Part of the learning curve has been figuring out when she can study without interruption. She’s tried the evenings. She’s tried the afternoons. Finally she discovered that if she gets up at 6am and goes by herself into the dining room, she can do all her work before anyone else, save her father, is even up. No longer does she have to make decisions about whether to study or whether to play, she has already studied.
“It’s perfect” she keeps saying. Which is great, because her expectations of happiness are so significantly lowered, and her understanding of the kind of work that’s required for success has so increased, that she thinks that waking up really early and doing math is “perfect”. In some sense, I have arrived. I’ve done all I can do as a mother and I’m popping open the champagne. If I’ve prayed for anything….well, this is one of the things that I’ve prayed for.

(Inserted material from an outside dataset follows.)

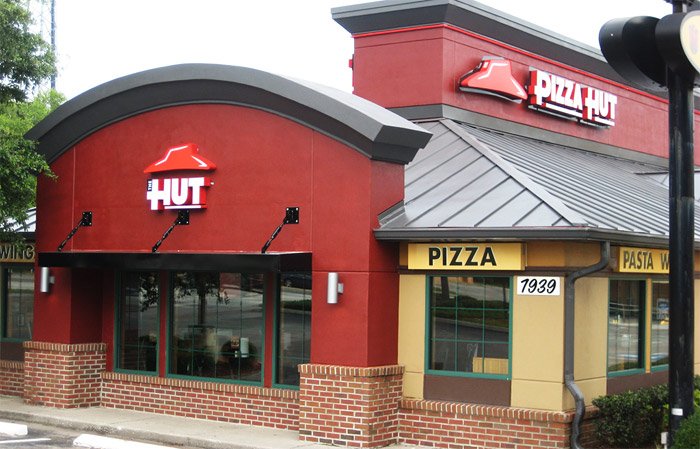 the_hut_building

Like so many, including myself, she is bewitched by the idea that if she could just arrive at the perfect arrangement of her time, all her troubles would go away. If I can just cram this task into this slot, then all the other tasks will miraculously fall into order and perfection. The liberal thinks that Utopia can be reached through the narrowing and managing of ideas (and how ironic is that), whereas I always believe (wrongly) that if I just develop the perfect schedule, and acquire the perfect handbag (but that’s another subject for another day), I will have attained to some better, happier plane.

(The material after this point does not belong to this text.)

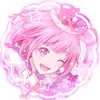 rinitoshimeuesposo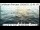 Webcam on the Caribbean Princess, 146.6 mi away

The reason I’m circling around this is because the NYT has discovered, yet again, that the modern family is stressed. This is as novel and surprising as the Swedes discovering that if you put one foot in front of the other more swiftly, you’ll get where you are going faster. ‘What are we gonna do?’ all the researchers and social scientists are wailing. With men and women both working there’s not enough time, there’s not enough of anything. The baby needs more time, and the work needs more time, and the individual person needs more time. Let’s have paid leave for both partners when the baby comes. And better, more free, after school care. Also, let’s have the men recognize that they’re not pulling their weight with the housework. Here’s a terrible problem, let’s rearrange the time and the money and that will fix it and then we’ll all be happy.
But see, as I try to tell myself every day, it’s not the time and the money. Even when I eliminate all the stress from my life and have the perfect schedule, I’m still not happy because I’m the problem. Me, I’m the one that makes utopia impossible. And you. Not just me. Each individual is the problem. Systems can alleviate some stress and produce a temporary happiness and relief, but they are as a fleeting shadow. As soon as Elphine has to face a new class schedule, the perfect dream that she has now will be shattered. And the only reason she thinks it’s a perfect dream is because it’s better than what she had before. If you’re in rotten pain and stress and then one of the pains goes away, you believe yourself to be thrillingly happy.

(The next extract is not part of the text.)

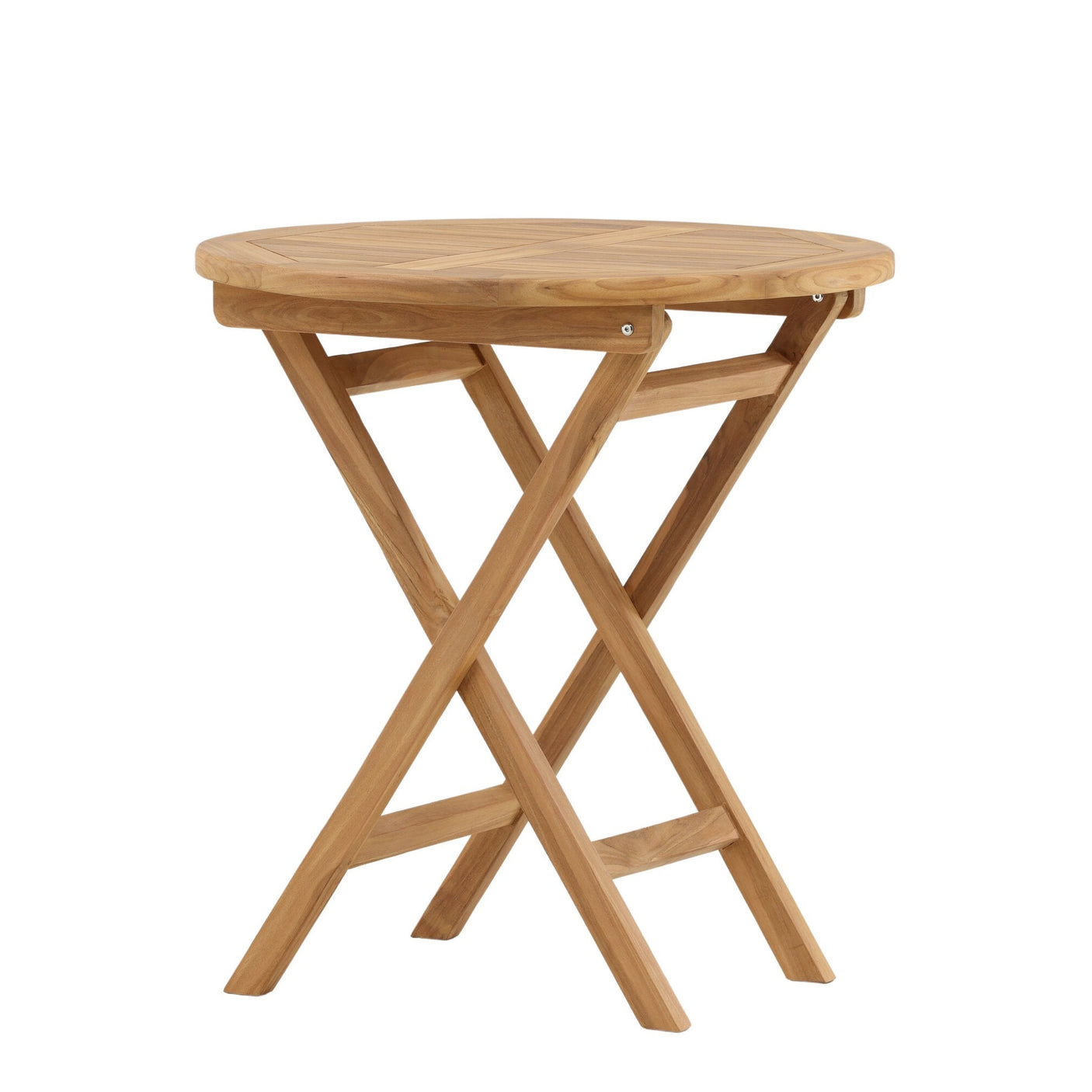 Kenya Cafe Bord Venture Design Sofabord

The only way that the modern family can be relieved of its stress, I think, is for the modern family to hideously and tragically lower its expectations. You can’t have both people work full time and keep house and enjoy your baby. You’re not God. You’re not omnipresent. You can juggle it, you can make it work, but you can’t live a stress free happy life. I understand that nobody wants to do this, and that it’s not understood to be the American way, but without the concept of personal sacrifice, without lowering of the expectations of what everyone thinks should be happening to them, happiness isn’t going to overflow and transform the American family and landscape. Difficult choices have to be made. Do you want more money? More time with baby? More time for yourself?
Interestingly, in the NYT article, white college educated people registered the most stress. Other ethnicities are poorer, and are working hard, but the great burden of stress is being born by the white middle class. But isn’t it us, in the white, bourgeois, college educated, American insanity who have been come to believe that we can have it all? That the baby and the job and the ego of the man will not conflict? That it is only an arrangement of time and money that is the problem? You can’t tell me that an African American single mother is not stressed, but, unhappily, her expectations are generally so low, she is happy if she gets to put her feet up in the evening for a few minutes. The system doesn’t particularly help her, but she’s not expecting it to. Whereas the woman with her masters degree and her husband and baby in tow is exhausted both by the work, and by the insanity of trying to juggle all the components.
As the world becomes poorer, narrower, and more violent I think happiness is actually on the horizon. As the money and opportunity dry up, so will all the expectations of happiness, at which point, Joy might begin to creep in.